The Parliament of the Commonwealth
Federal Members’ Rooms
19th June, 1947
I have been asked to draw the attention of your firm to the widespread misapprehension, which exists concerning the identity of the Australian National Ensign. Most people in Sydney seem to think that this is the flag with the red base whereas this flag, of course, is the flag of the Australian Merchant Marine. It has been thought likely that this misapprehension may exist amongst some firms like yourselves who sell flags and bunting to the public.
The design of the Australian National Ensign was agreed upon by the British and Commonwealth Governments in a series of despatches which are contained in the Commonwealth Government Gazette of 20th November, 1903 (see also Government Gazette of 19th December, 1908, page 1790). A perusal of these despatches will show the Australian National Ensign is a blue ensign with the Union Jack in the upper canton and defaced by a seven-pointed star in the lower canton and the stars of the Southern Cross in the fly. At the same time the red ensign similarly defaced was established as the merchant flag of the Commonwealth for the use of the Australian Merchant Marine, and this is confirmed by Section 406 of the Commonwealth Navigation Act which states that this red ensign as defaced is “declared to be the proper colours for all merchant ships registered in Australia”.

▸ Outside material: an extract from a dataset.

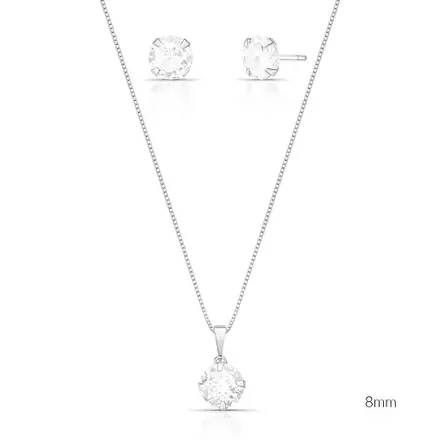 Conjunto Brinco e Colar Ponto de Luz Prata Lisa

I have drawn the attention of the Prime Minister to this matter and have spoken about it in the House. As a result the Prime Minister issued a press statement sometime ago in which he requested that the Commonwealth Blue Ensign should be flown on shore on public buildings by schools and by the public generally. Unfortunately this particular statement was not published in the newspapers at the time so that the public have not had the benefit of it. It is because of this that I take the opportunity of drawing the matter to your attention and I should be grateful if you would assist in guiding the public in this matter by supplying them with the Blue Ensign when they come to purchase the Australian National Flag. The Red Flag is, of course, still appropriate for purchase by any others wanting to fly the correct Australian flag afloat.